エルヴィンの呆けた表情に大満足したようにホトは続ける。
「フィーネ殿、先程まであ奴エルヴィンは事もあろうか聖女として名高いセシリア殿のうなじの後ろ部分をそれこそ食い入るように顔を近づけて見ておったのじゃ」
ホトは、わざと室内の皆の関心を引き、注目させるように少々わざと間をあけてエルヴィンにとどめを刺す言葉を口に開く。
「それも、しばらくの間わしが止めるまでじっと凝視しておってな、そう。まるでセシリア殿の匂いを嗅ぐようにずっとな。それでセシリア殿は羞恥心にさいなまれてそのような状態になっておられるかと」
「お、おい、ヘル爺!。何を言いやがる!!!」
ホトの言葉を聞いて口に手を当てて驚いた表情の中に侮蔑の視線を向けたフィーネや、小刻みに体を震わせ怒りの表情を顕わにした赤毛の女性の神官戦士、それと隣に立つ大柄な戦士は・・・こちらは何故か目元に笑みを浮かべているのだが・・・。

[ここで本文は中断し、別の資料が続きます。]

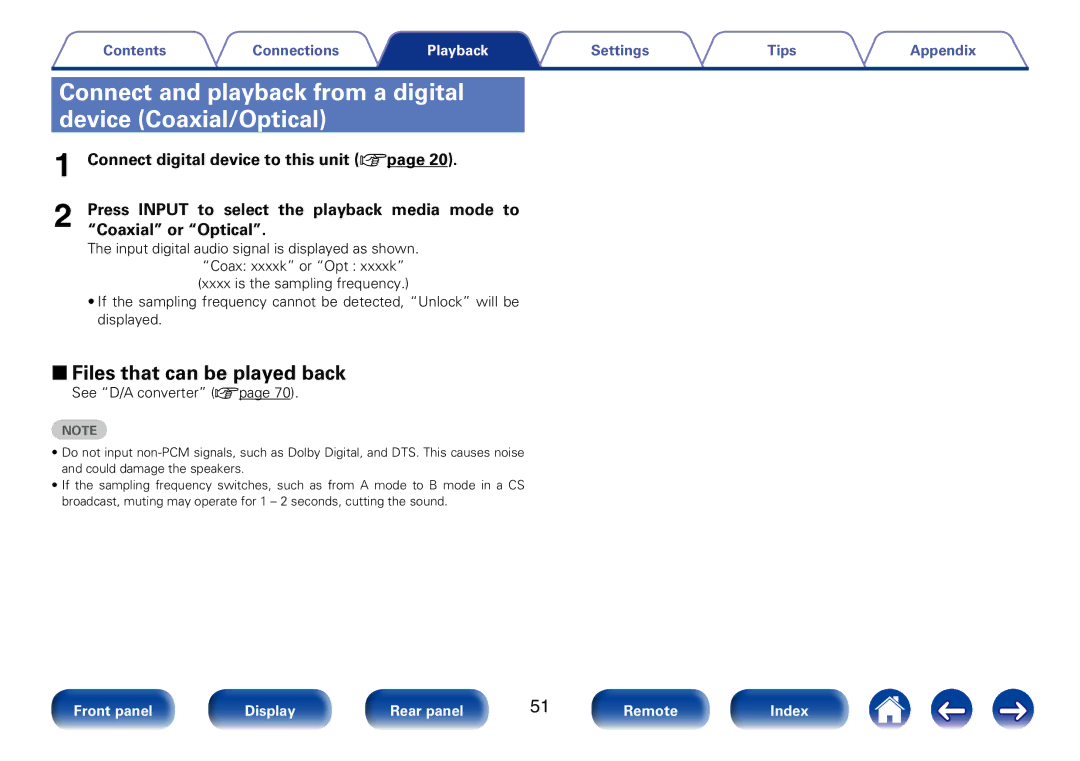 Marantz SA8005 appendix Connect and playback from a digital device Coaxial/Optical 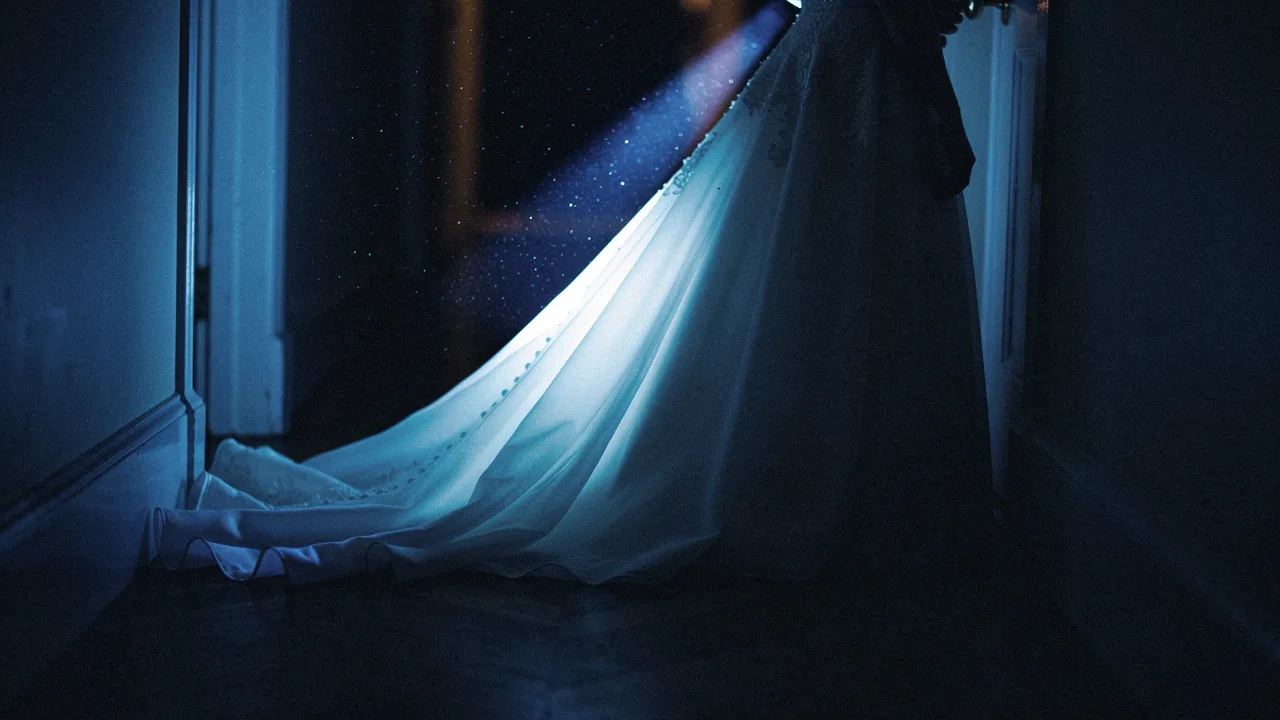 A wedding dress train catching a thin beam of blue light in a dark corridor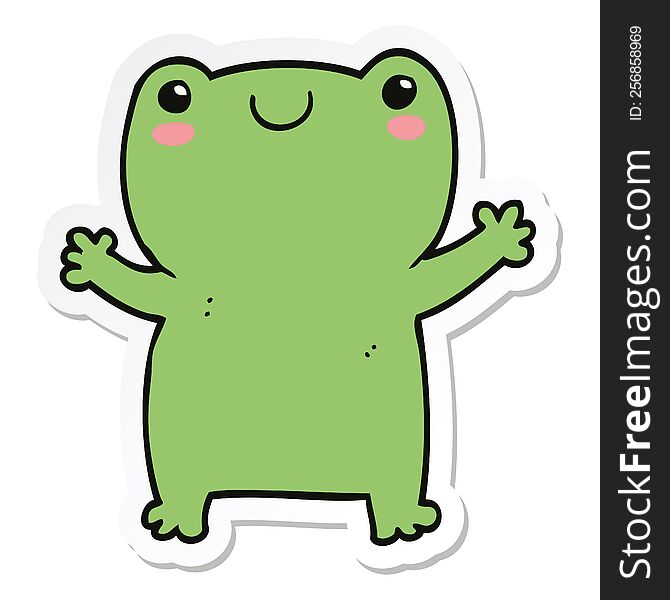 Sticker Of A Cute Cartoon Frog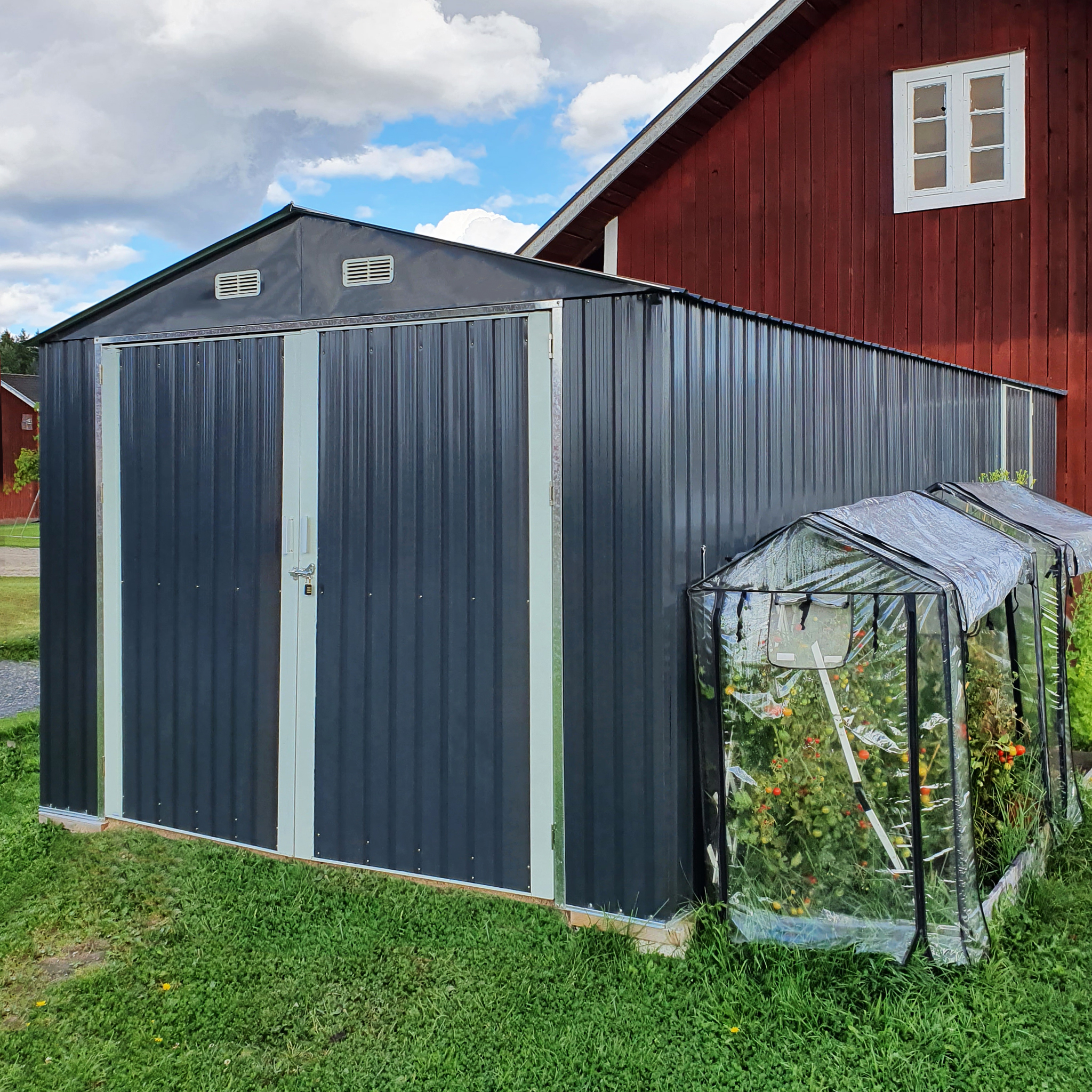 Pl�tgarage 18m� | Dubbel d�rr |�Komplett byggsats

エルヴィンは、彼女達の視線を受けホトに抗議の言葉を上げ、さらに説明をしようとする。
「た 確かにセシリア殿のうなじを凝視していたのは認める。が、断じてセシリア殿の匂いを嗅いでいたわけじゃ・・・。あっ・・・いや、いい匂いだな・・・と」
エルヴィンの声を聞いたセシリアは顔を真っ赤にしてうつむいてしまっている。
そんなセシリアの姿を見て、言いよどむエルヴィンをホトの話の途中から聞いていたアリスティッド卿は、またかといわんばかりに顔を振っている。
(やれやれ、エルヴィン。君は正直すぎるよね・・・)
アリスティッド卿が、内心で嘆息を漏らしたその時に、
「エルヴィン殿と申されたか、貴殿はセシリア様に対して少々不埒な真似をし過ぎたのではないか!」
女性にしては、低めの声でエルヴィンに対して切り付けるような言葉が部屋の中に響き渡る。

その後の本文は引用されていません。